A: Hey, not everything has to be a competition. But if you really want the fastest composter on the lake, try:
1. Chopping, grinding, and shredding greens and browns with a leaf shredder, machete, or even a blender. As long as the pile has sufficient air and moisture, the extra processing offers microbes more surface area for speedier noshing, but make sure there is still airflow.
2. Aerating. Along with frequent mixing, draw air through the pile by layering coarse, bulky items at ground level, building the pile around a perforated PVC pipe or a tube made from hardware cloth, or creating air channels by poking holes in the compost.
3. Keep it warm. Install your composter in a spot with full sun exposure (remember to add water if it gets too dry). If possible, cover your pile with an insulating blanket of leaves during the winter.

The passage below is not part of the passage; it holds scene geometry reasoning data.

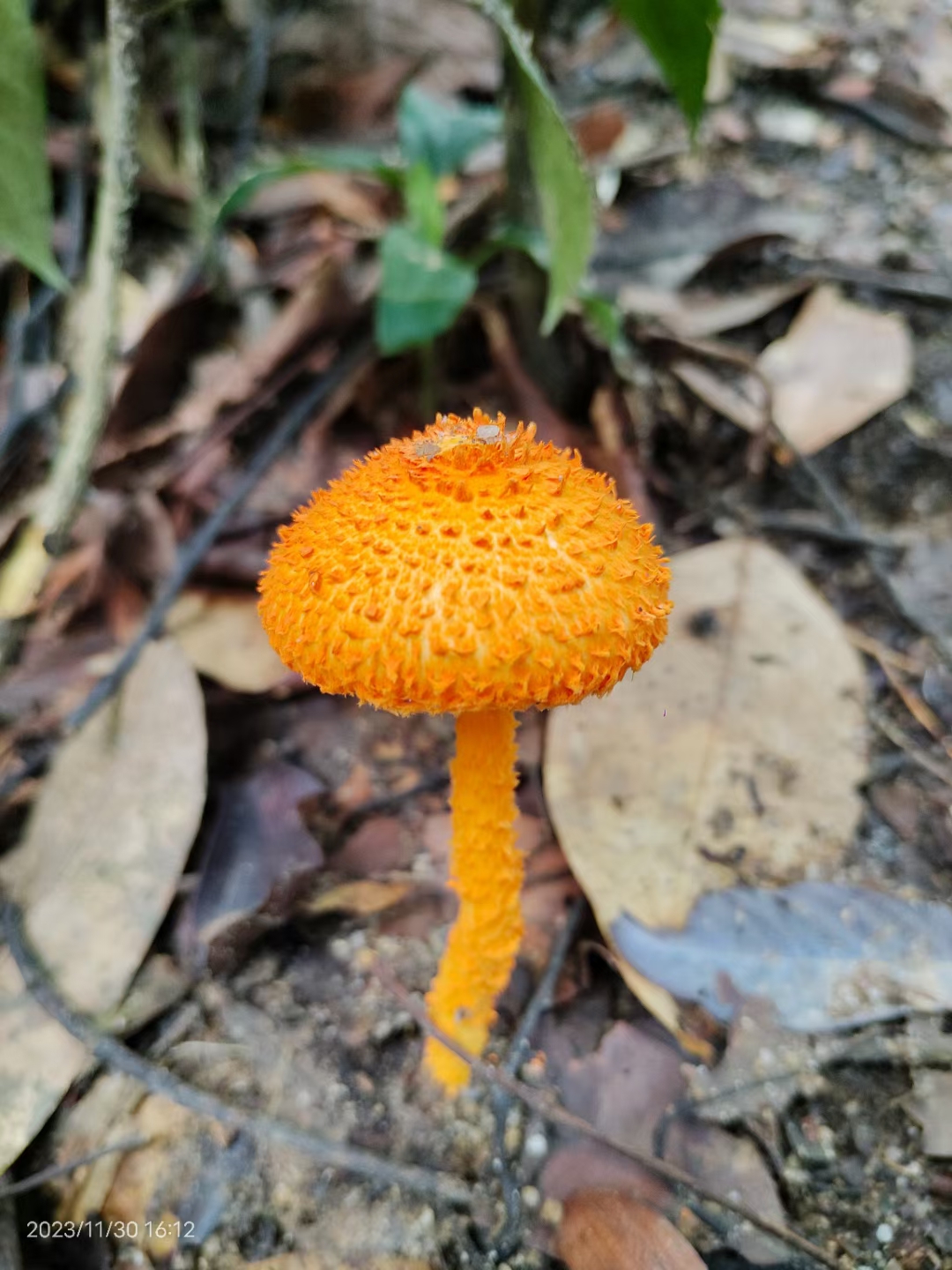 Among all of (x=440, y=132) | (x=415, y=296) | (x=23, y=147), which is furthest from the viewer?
(x=440, y=132)

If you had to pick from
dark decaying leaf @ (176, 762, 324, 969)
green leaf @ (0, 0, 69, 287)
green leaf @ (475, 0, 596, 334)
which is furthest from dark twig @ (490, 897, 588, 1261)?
green leaf @ (0, 0, 69, 287)

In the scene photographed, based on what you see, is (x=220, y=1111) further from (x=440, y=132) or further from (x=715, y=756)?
(x=440, y=132)

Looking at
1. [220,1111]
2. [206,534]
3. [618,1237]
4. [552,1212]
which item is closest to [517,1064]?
[552,1212]

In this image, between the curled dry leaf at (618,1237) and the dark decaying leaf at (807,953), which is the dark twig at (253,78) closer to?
the dark decaying leaf at (807,953)

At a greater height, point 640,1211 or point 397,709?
point 397,709

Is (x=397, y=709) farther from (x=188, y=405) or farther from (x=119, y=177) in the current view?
(x=188, y=405)

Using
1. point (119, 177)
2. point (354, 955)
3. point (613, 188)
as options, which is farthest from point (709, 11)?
point (354, 955)

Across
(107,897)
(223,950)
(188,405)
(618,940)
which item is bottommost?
(618,940) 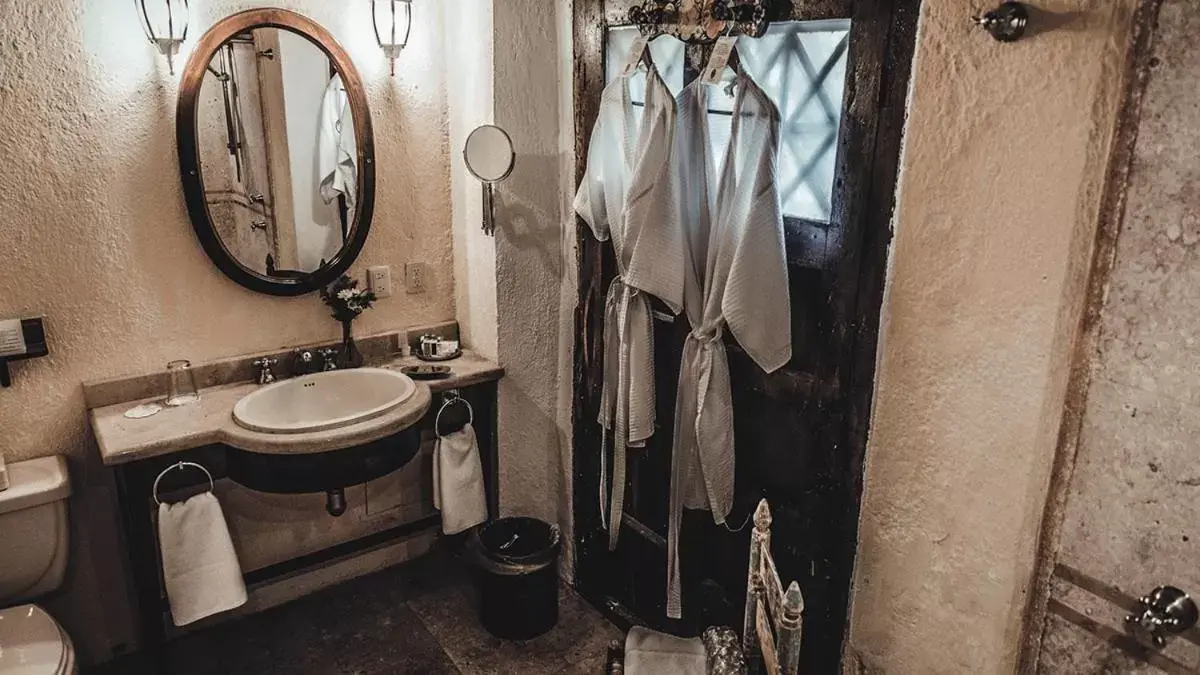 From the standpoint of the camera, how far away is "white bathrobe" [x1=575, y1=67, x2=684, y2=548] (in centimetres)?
200

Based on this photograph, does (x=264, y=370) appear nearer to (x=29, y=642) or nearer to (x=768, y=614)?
(x=29, y=642)

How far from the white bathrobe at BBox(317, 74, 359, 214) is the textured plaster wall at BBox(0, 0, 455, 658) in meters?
0.10

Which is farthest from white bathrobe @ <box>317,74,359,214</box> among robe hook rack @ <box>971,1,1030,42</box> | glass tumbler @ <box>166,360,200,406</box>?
robe hook rack @ <box>971,1,1030,42</box>

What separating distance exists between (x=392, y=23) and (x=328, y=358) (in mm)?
1121

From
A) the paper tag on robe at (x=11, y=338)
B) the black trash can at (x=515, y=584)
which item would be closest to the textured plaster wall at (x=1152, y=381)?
the black trash can at (x=515, y=584)

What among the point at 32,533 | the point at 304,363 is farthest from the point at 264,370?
the point at 32,533

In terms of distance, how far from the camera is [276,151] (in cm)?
244

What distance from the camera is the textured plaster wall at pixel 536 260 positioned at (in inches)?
96.7

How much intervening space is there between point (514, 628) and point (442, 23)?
2.06 meters

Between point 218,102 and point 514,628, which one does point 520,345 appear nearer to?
point 514,628

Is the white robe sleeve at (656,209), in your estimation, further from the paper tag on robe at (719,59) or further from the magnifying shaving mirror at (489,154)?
the magnifying shaving mirror at (489,154)

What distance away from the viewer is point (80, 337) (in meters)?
2.24

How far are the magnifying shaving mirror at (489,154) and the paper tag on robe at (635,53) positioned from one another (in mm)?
489

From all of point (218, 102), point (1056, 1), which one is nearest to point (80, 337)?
point (218, 102) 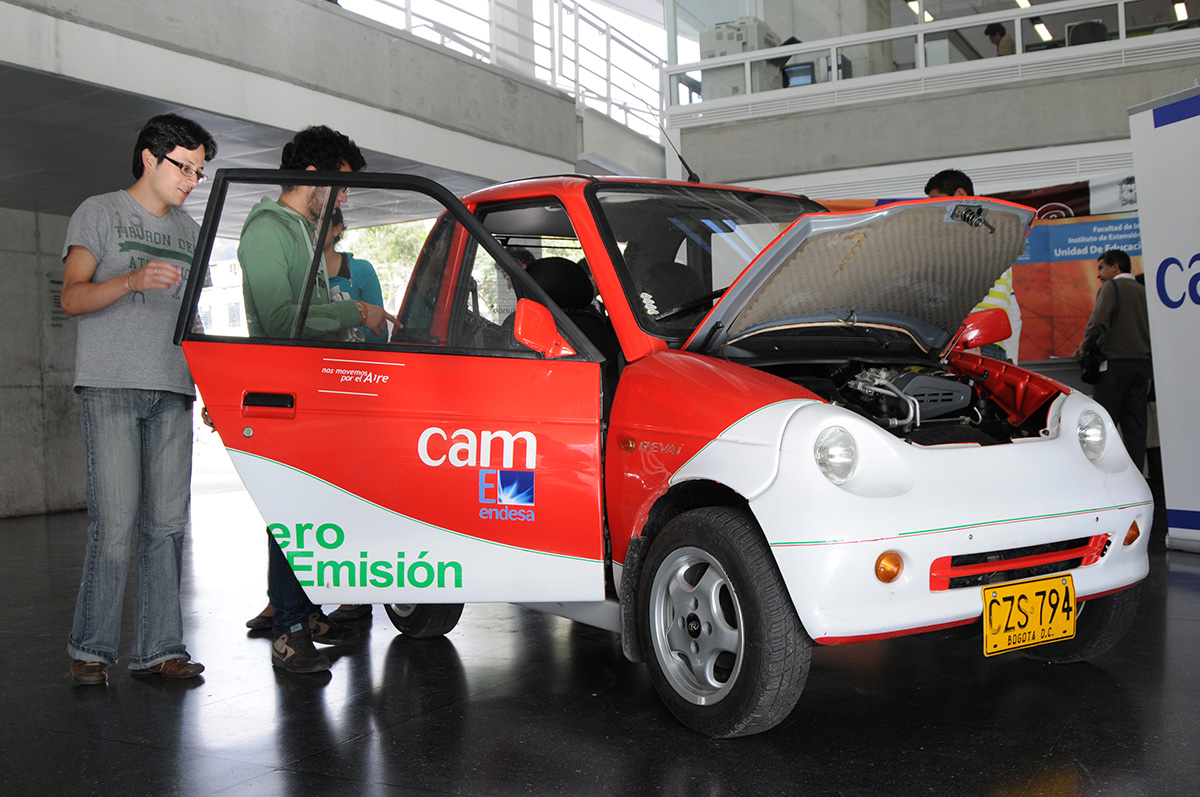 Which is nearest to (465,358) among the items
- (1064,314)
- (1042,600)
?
(1042,600)

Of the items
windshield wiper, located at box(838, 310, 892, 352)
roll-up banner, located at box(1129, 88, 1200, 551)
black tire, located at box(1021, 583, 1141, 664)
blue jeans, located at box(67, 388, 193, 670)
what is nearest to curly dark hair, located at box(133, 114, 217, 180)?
blue jeans, located at box(67, 388, 193, 670)

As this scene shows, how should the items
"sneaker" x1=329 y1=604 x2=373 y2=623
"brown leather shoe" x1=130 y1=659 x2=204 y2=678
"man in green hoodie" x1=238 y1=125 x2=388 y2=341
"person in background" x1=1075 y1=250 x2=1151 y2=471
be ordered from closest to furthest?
1. "man in green hoodie" x1=238 y1=125 x2=388 y2=341
2. "brown leather shoe" x1=130 y1=659 x2=204 y2=678
3. "sneaker" x1=329 y1=604 x2=373 y2=623
4. "person in background" x1=1075 y1=250 x2=1151 y2=471

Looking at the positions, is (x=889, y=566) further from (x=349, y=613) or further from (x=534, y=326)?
(x=349, y=613)

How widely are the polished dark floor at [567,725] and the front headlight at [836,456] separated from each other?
0.75 metres

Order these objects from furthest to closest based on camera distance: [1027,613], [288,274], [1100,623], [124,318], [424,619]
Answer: [424,619], [124,318], [288,274], [1100,623], [1027,613]

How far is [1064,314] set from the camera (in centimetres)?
898

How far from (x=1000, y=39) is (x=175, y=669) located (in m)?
9.96

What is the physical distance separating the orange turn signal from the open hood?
0.87 metres

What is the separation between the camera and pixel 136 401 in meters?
3.62

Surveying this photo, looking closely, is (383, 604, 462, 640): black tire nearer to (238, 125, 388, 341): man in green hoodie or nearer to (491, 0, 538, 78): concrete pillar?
(238, 125, 388, 341): man in green hoodie

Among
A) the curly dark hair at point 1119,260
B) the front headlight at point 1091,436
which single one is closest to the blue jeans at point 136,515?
the front headlight at point 1091,436

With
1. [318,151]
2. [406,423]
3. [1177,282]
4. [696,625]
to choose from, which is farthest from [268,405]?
[1177,282]

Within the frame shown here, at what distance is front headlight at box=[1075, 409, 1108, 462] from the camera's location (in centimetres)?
313

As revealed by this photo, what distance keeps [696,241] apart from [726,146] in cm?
840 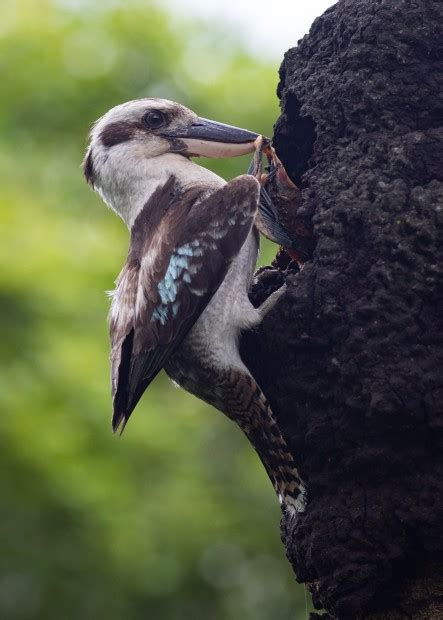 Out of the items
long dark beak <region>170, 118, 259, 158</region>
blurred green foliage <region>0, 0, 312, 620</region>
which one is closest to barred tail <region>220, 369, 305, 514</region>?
long dark beak <region>170, 118, 259, 158</region>

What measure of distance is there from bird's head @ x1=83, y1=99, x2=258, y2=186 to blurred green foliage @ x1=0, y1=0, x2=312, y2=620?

4. Add extra nitrogen by sprinkling in a small amount of alfalfa pellets (a.k.a. rabbit feed), or boost microbial activity with garden or forest soil, active compost, or well-composted cattle or sheep manure.
Q: What about bears? Is my composter a critter magnet?
A: With bear-rich communities, including Banff, Alta., and Canmore, Alta., banning backyard composting in favour of municipal green-bin service, conflicts with bears and composters remain “a super legitimate concern,” says Maggie Spizzirri, the Bear Aware community coordinator for Revelstoke, B.C. Spizzirri says diligence—including covering greens with browns and frequent mixing—will reduce the odour that attracts bears. Cottagers in bear-heavy areas can also idle the composter during the run-up to hibernation, when ursines are most active.
“Composters by themselves are not common attractants if they don’t contain enticing items, but they are often hit by bears that are drawn to the property by other attractants,” adds Anita Tamrazi, a spokesperson for the Ontario Ministry of Natural Resources and Forestry.
Q: If I can throw disposable diapers in the green bin at home, can I compost them at the cottage?
A: Absolutely not. Disposable diapers “are like puffy, plastic baseballs—the organic material is inaccessible,” says the Municipality of Dysart et al’s John Watson. Some city systems can screen out the non-compostable parts of diapers and process the rest in a system that kills pathogens, but nappies—along with baked goods, meat, grease, and plastics and containers labelled compostable or biodegradable—are beyond the capabilities of what a backyard system can handle.
Q: Are there any cool accessories I can use?
A: Yes! You can geek out with (optional) tools such as these:
1. Compost thermometer: probe the pile’s internal heat for more efficient mixing. Turn to avoid overheating (around 65°C) or when temperatures fall too low (38°C).
2. Compost turner: because a cubic metre of compost can weigh hundreds of kilograms, specialized augur-style tools make mixing easier. “If you have a tool that makes it easy, you’ll do it more often,” says Susan Hay.
Q: What’s the difference? Doesn’t stuff just rot anyway?
A: “Food rots, it’s a natural thing,” agrees Peter Ferguson, a Parry Sound cottager and the chair of the Thames Region Ecological Association. But composting ensures it rots in what Ferguson calls “the right way.” “Aerobic,” oxygen-sucking bacteria, bugs, and fungi transform organic material into a crumbly, earthy-smelling substance called humus. That earthy aroma? It’s a compound called geosmin, the scent of a fungus-like bacteria that’s also responsible for the odour of freshly ploughed soil.
The flip side is the “anaerobic” rot in low-oxygen environments, including landfills, septic tanks, and poorly managed backyard composters. Without enough air, aerobic bugs give way to their sluggish cousins, the anaerobes, who fill with methane and hydrogen sulphide, the familiar rotten-egg smell that wafts from your septic system at pump-out time. If your composter smells bad, chances are the anaerobes have moved in.
Long-time CL contributor Ray Ford still gets a kick out of seeing the steam rise from his compost pile on chilly mornings.